Using the Node SDK, I am seeing high latency of about 9000 ms to deliver SQS messages when messages are sent in parallel on multiple queues. If I sent all the messages sequentially on one queue, I get much lower latency of about 300 ms. In both tests, messages are sent in batches of 10 using the code below. The send timestamp is put inside the message itself, so I can measure the delivery time when the message gets received.
Why is it so much slower to transfer messages sent in parallel queues? Does Amazon do rate limiting?
for (i = 0; i < 10; i++) {
var entry = {
Id: String(messageCount),
MessageBody: "test"+messageCount+(new Date().getTime()),
MessageDeduplicationId: "test"+messagecount+" "+(new Date().getTime())
};
entries.push(entry);
messageCount += 1;
}
var params = {
QueueUrl: queueUrls[senderIndex],
Entries: entries
};
sqs.sendMessageBatch(params, function(batchSendErr, results) {
...
});
In the sequential case, I run one node program that sends 500 batches of 10 messages on a single queue, and one program that receives 500 batches of 10 messages. (500 messages total.)
In the parallel case, I run one node program that creates 250 writer threads and sends two batches of 10 messages from each to one of 250 different queues. I run another node program that created 250 reader threads and receives two batches of 10 messages from each. (5000 messages total)
For the tests above, I use FIFO queues, although results are similar with non-FIFO queues.
I do notice that in the parallel send case, each batch send call to the AWS SDK takes about 5 seconds to get a completion callback. In the sequential case, each batch send call to the AWS SDK takes about 300ms. I'm not sure why the API calls are slower in parallel unless AWS is rate limiting my calls.
BTW, here is what my queue setup looks like. There are 250 of these queues with #{item} ranging from 1 to 250
aws sqs create-queue --queue-name loadtest_device#{item}_user#{item}.fifo --attributes "FifoQueue=true,VisibilityTimeout=300,ReceiveMessageWaitTimeSeconds=0"
After discussing this issue with an Amazon support engineer, he showed that he could not reproduce the results.
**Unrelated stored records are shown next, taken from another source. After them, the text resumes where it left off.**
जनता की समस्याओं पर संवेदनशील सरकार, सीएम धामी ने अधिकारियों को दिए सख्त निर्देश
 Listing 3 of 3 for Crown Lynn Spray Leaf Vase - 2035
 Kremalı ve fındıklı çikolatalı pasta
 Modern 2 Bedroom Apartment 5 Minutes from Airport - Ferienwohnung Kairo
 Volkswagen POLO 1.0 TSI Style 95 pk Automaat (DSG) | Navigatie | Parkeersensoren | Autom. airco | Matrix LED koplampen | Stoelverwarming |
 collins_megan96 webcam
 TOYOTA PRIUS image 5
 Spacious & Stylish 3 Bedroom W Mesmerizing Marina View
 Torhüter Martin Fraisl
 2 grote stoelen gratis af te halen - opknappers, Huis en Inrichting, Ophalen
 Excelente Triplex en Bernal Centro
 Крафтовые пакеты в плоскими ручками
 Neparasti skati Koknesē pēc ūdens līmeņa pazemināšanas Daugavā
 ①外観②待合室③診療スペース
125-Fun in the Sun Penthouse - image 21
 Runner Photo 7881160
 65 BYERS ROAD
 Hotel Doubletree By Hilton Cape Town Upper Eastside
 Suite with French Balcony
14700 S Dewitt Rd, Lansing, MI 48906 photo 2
His theory was that the latency problem was caused by a network bottleneck, particularly WiFi traffic congestion as both test networks were using the same WiFi radio space.
I was never fully able to confirm as I did not have access to two independent wired network connections. I did witness that SQS send operations have a large and verbose data payload and do use significantly higher bandwidth than other operations (2x data overhead size vs lambda calls.) This is consistent with the network bottleneck theory.